By Daryl G. Kimball
At a March 8 public forum, former Secretary of State George Shultz underscored once again his support for U.S. ratification of the Comprehensive Nuclear Test Ban Treaty (CTBT).
Shultz was asked for his “personal view on whether the U.S. should ratify the test ban treaty as a way to enhance U.S. security?”
Shultz, who served as President Ronald Reagan’s Secretary of State from 1982-1989, said: “Yes I clearly think we should ratify that treaty.”
“This issue has kind of lost its attention and we need to get back on the offense. And here’s the way to get back on the offense,” Shultz continued.
“I would say that in some ways a Senator … Senator Nunn might put it this way … a Senator might have been right to vote against it when it was first put forward and right to vote for it now,” he said.
“Why? Because things have changed. Its now not just an idea that we can detect tests. There is a network that has built out now and has been demonstrated that we can detect all, even small tests.”
Shultz went on to note that the nuclear weapons stockpile stewardship program has also been very successful and in the past nuclear tests were conducted primarily to develop new types of nuclear weapons and so, he said, we have no need to test today.
“I find it hard to see how we would justify going and producing a new nuclear weapon, we have quite an arsenal right now.”

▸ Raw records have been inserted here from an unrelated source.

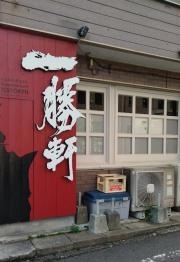 とんこつラーメン一勝軒　興善町店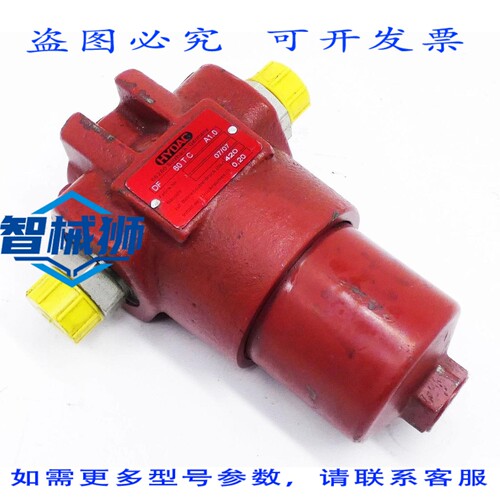 原装供应 HYDAC DF 60 TC A1.0 420BAR 0.2L 压力过滤器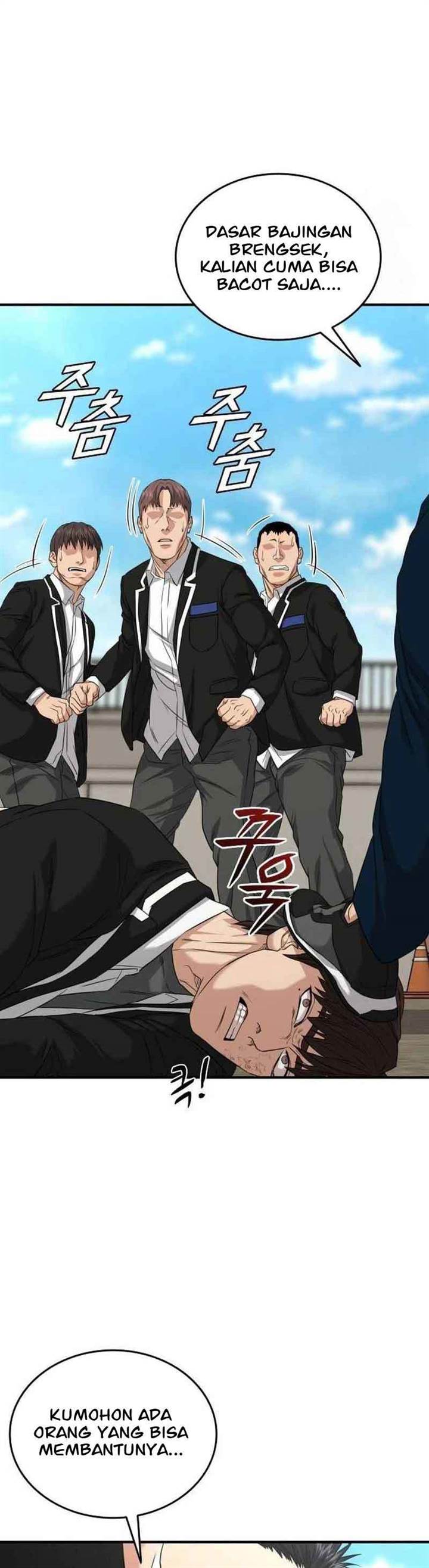 image-komik-high-school-gangsters-chapter-2-77/84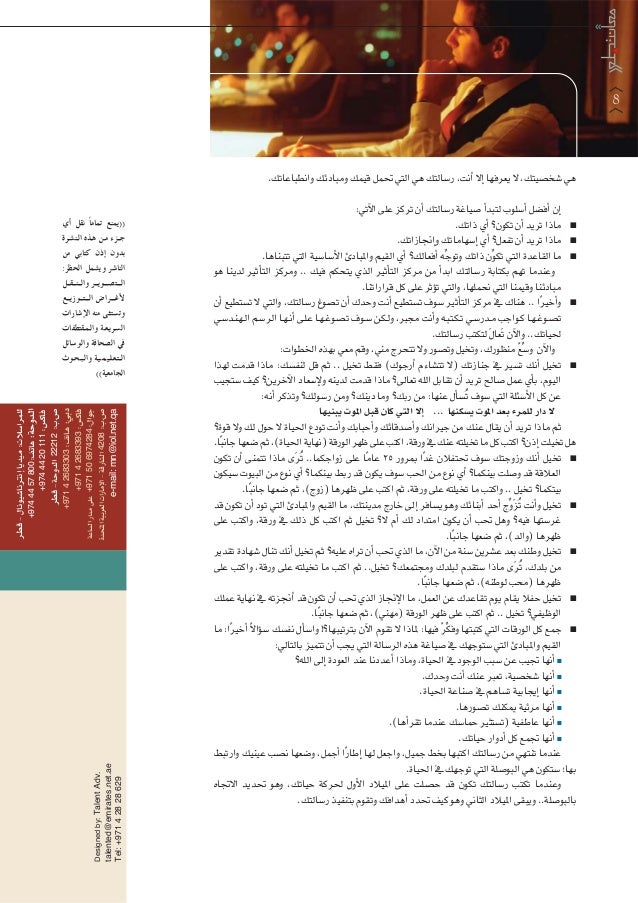 ملخص كتاب قوة التركيز لمؤلفه جاك كانفيلد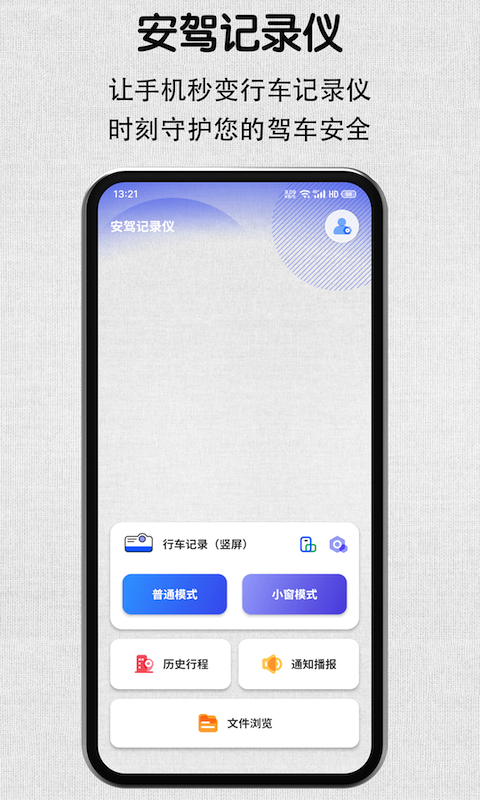 精彩截图-安驾记录仪2025官方新版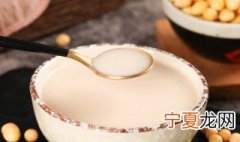 豆浆煮多长时间就熟了 煮豆浆需要多久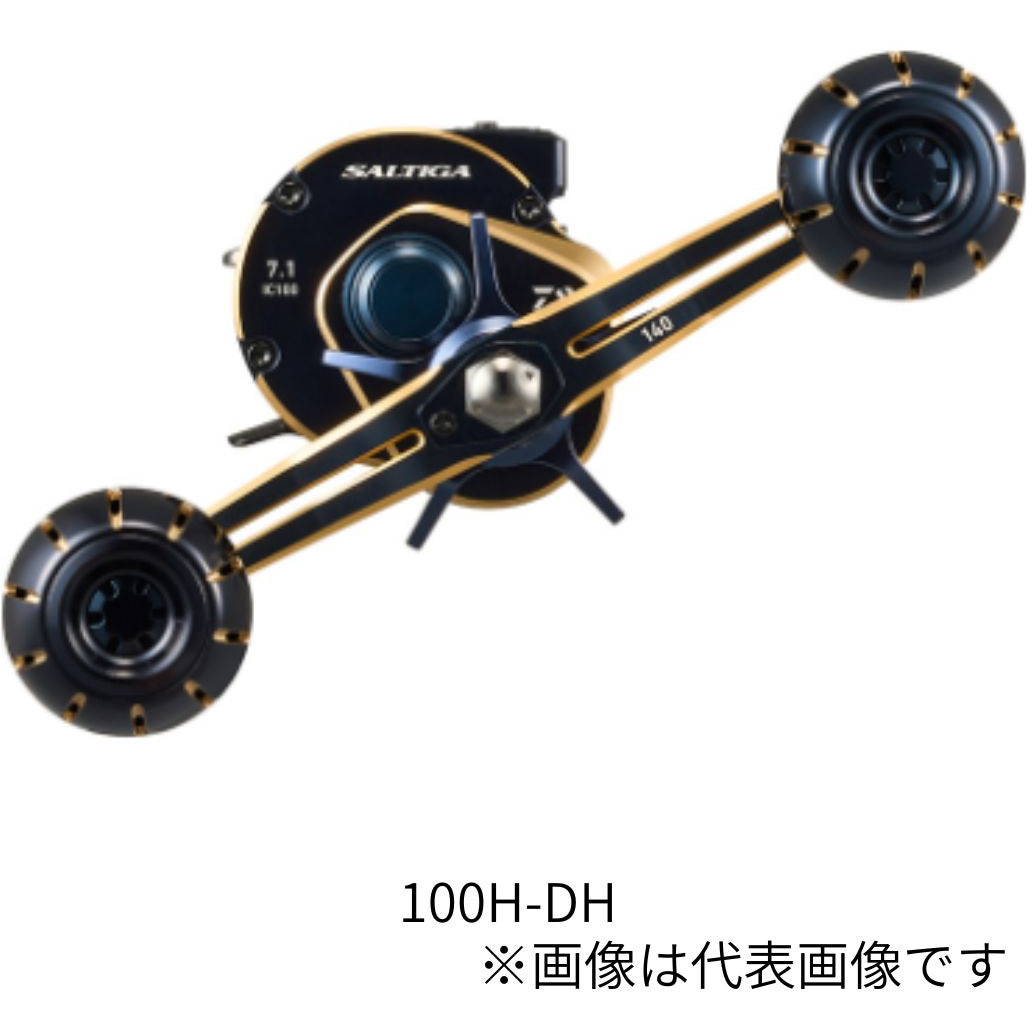 ダイワ　21ソルティガIC100HL-DH　箱付き 100H-DH 21 ソルティガIC 1個 DAIWA(ダイワ)[船舶用品・漁業資材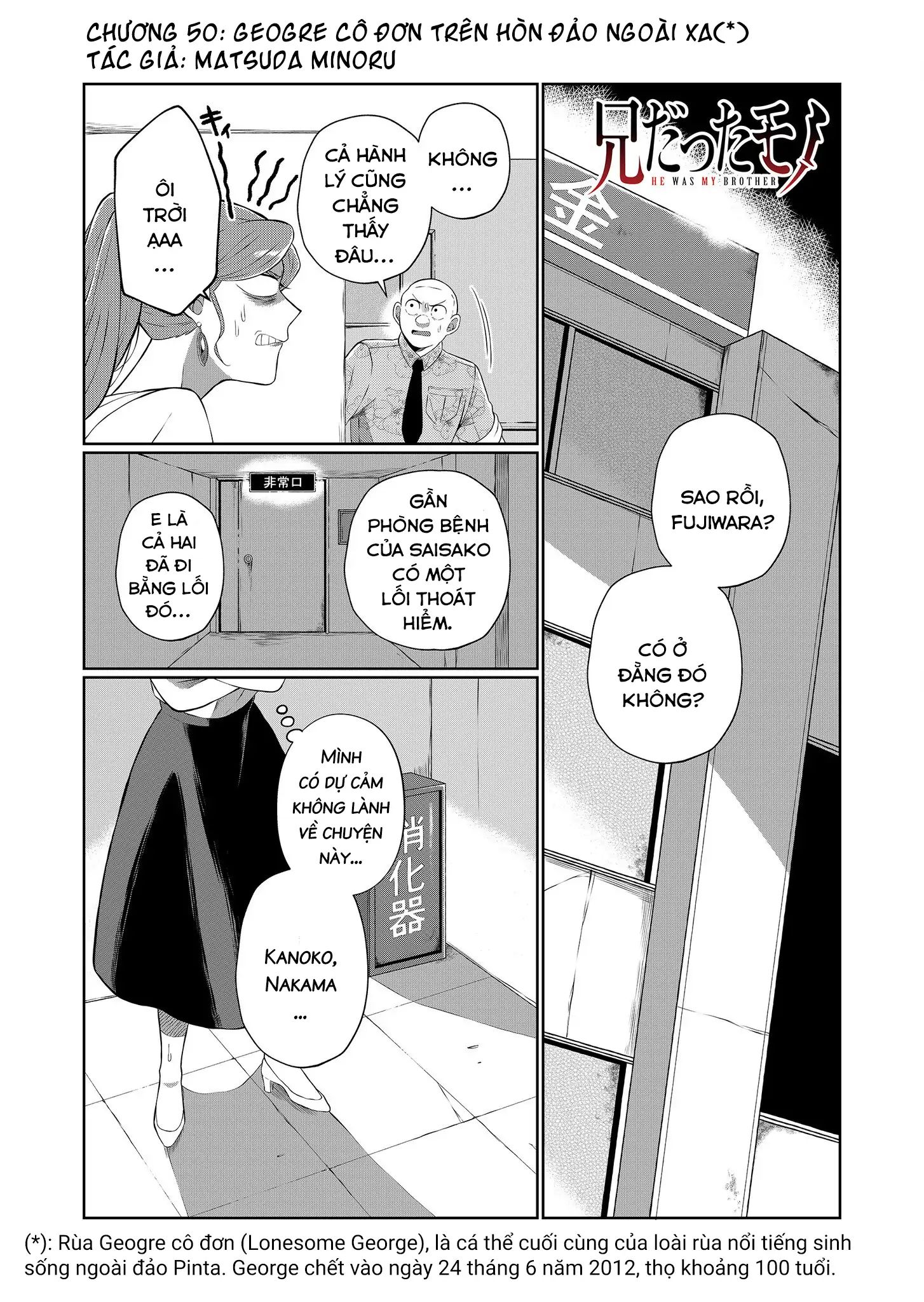 Thứ Đã Từng Là Anh Trai Tôi Chapter 50 - Trang 1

In their influential January 2007 joint op-ed in The Wall Street Journal, Shultz, along with Henry Kissinger, William Perry, and former Senator Sam Nunn called for:
“Initiating a bipartisan process with the Senate, including understandings to increase confidence and provide for periodic review, to achieve ratification of the Comprehensive Test Ban Treaty, taking advantage of recent technical advances, and working to secure ratification by other key states.”
“[Republicans] might have been right voting against [the CTBT] some years ago, but they would be right voting for it now, based on these new facts…. [There are] new pieces of information that are very important and that should be made available to the Senate.”